ところが、実際の3Dサウンドの作成においては、リスナーに迫ってくる迫力あるサウンドなど、音像の物理的な大きさを表現したい場合もあります。RSS-10で音像の物理的な大きさを表現したい場合は、次のようにするとよいでしょう。

音像の大きさを表現するためには、RSS-10を2台あるいは3台使用します。つまり、近接した複数のポジションでひとつの音像の大きさを表現することになります。また、音像を移動するときは、複数のポジションの相対的な位置を保ったまま同時に移動させます。

このように、複数のポジションでひとつの音像を表現することによって、音像の大きさや、近付いてきたときの圧倒的な迫力を演出することができます。

2-12 前方定位感ヘッドホン再生時に、前方に定位させたいときや、スピーカー再生時にスピーカーより奥に定位させたいときは、次のようにするとよいでしょう。

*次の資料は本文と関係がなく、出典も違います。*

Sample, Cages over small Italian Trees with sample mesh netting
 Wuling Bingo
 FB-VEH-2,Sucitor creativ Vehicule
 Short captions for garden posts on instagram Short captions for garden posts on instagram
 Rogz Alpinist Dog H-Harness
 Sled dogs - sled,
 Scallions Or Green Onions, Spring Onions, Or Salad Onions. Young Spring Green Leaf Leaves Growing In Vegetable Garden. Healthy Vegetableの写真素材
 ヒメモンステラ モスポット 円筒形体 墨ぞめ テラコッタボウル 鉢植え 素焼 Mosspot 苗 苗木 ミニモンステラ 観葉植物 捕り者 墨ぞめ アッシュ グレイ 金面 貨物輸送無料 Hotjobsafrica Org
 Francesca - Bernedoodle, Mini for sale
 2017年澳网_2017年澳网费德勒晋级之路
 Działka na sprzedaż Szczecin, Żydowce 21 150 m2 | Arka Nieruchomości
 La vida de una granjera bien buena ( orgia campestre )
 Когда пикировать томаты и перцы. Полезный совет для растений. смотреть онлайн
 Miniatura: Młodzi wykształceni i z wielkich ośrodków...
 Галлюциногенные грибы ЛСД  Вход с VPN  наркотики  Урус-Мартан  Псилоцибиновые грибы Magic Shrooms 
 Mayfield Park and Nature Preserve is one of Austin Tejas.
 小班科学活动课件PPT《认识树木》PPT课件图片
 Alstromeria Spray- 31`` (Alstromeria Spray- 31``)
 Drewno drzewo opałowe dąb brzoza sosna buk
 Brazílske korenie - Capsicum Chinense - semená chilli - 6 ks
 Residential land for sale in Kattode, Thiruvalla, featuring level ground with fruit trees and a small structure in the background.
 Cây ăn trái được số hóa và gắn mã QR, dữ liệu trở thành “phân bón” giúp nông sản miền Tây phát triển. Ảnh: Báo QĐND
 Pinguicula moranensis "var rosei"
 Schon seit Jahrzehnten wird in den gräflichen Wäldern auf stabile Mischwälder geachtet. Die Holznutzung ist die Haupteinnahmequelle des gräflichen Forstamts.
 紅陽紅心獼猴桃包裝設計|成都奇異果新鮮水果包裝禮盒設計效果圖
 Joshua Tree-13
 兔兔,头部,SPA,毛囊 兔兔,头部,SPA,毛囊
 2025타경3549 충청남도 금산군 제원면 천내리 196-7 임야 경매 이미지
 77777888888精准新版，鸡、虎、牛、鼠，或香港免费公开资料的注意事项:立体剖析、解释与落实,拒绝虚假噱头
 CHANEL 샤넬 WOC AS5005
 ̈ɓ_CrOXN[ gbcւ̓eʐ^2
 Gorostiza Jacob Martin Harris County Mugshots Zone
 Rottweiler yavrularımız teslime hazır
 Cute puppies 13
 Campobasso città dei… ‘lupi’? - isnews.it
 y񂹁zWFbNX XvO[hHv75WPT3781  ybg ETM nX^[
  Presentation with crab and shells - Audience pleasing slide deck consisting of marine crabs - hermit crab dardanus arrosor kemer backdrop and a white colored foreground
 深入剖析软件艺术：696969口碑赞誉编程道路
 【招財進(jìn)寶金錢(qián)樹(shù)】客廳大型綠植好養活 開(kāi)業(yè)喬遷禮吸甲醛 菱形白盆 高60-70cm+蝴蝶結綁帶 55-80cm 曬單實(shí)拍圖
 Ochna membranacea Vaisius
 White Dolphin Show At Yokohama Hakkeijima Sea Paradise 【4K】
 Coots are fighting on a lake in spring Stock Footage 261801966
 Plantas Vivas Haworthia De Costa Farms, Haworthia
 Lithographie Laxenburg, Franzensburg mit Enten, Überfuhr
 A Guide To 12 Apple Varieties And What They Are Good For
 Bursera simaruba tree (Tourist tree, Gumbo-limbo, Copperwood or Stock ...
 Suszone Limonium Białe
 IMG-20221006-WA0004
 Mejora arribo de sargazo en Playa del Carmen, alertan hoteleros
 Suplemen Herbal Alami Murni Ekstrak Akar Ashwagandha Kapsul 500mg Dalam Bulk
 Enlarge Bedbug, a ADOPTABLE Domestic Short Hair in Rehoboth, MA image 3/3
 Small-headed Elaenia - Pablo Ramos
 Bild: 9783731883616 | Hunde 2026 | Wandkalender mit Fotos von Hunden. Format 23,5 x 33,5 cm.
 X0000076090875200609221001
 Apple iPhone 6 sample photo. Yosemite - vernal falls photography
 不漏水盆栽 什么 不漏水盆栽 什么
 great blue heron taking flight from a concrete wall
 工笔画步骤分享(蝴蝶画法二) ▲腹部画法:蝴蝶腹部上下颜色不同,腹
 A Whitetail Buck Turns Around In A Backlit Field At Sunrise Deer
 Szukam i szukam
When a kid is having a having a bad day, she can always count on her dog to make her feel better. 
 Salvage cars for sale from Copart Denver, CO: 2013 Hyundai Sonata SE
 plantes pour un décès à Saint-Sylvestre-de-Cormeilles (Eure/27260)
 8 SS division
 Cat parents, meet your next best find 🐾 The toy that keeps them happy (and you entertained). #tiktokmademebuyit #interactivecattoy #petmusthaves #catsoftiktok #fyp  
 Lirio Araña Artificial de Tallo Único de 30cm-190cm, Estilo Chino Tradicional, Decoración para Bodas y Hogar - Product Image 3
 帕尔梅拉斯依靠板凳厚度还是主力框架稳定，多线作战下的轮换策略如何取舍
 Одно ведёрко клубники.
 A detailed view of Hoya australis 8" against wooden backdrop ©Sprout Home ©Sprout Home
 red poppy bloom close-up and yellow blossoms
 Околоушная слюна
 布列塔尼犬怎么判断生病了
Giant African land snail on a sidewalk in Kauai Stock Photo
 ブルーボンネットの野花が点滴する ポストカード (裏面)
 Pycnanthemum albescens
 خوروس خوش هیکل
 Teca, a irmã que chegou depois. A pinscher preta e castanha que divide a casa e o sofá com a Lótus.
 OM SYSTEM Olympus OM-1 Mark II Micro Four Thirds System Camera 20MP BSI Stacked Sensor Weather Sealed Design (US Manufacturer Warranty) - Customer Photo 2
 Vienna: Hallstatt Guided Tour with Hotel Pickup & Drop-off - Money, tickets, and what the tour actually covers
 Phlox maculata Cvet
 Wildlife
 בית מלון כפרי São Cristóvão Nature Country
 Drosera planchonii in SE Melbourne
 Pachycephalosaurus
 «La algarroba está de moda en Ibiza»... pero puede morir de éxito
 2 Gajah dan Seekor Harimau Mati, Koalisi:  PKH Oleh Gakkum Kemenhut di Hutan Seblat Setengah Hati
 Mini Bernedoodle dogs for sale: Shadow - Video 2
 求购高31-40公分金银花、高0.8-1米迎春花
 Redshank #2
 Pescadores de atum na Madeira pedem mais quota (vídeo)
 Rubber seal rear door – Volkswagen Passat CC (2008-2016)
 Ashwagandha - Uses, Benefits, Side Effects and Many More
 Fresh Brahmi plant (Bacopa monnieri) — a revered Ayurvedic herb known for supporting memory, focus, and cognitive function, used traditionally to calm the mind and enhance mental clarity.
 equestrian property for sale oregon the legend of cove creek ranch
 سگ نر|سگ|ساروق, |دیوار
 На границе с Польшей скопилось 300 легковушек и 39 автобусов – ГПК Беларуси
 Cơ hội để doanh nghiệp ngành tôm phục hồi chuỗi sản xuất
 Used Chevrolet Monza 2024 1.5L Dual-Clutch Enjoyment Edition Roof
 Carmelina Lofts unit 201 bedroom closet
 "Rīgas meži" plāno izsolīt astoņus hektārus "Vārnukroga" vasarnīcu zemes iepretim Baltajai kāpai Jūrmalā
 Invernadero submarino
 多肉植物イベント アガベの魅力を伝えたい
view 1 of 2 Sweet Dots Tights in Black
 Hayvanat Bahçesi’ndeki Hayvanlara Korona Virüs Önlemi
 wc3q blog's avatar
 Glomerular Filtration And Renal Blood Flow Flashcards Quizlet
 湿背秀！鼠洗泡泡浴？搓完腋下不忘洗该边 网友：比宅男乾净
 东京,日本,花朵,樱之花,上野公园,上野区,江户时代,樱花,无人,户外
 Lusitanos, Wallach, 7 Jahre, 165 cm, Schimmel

ヘッドホン再生時の頭外前方定位は、どのような方式を使用しても非常に難しいとされています(通常のステレオ再生では、中央に定位させた音は頭の中で鳴っているように聞こえます)。RSS-10の場合も、パラメーター設定で頭外の前方に定位させても、そのとおりに聞こえないケースがありますが、次のようにすることである程度近い感じを表現することができます。

ルーム・サイズを4m、リバーブ・タイムを0.2sec、リバーブ・レベルを最大にして、直接音を若干(数デシベル)下げると、リバーブを加えたという感じにはならずに、音像が引っ込んだ感じとして聞こえます。また、このときリバーブ・タイムを長くすると、リバーブ成分が目立って残響臭さが出てしまいますので注意してください。

音色については、ウォール・カラーで調節することができます。好みの音色が得られるようにウォール・カラーを調節してみてください。また、フロア・ディスタンスも定位感に大きく影響を与えますので、モニターしながら調節してみましょう。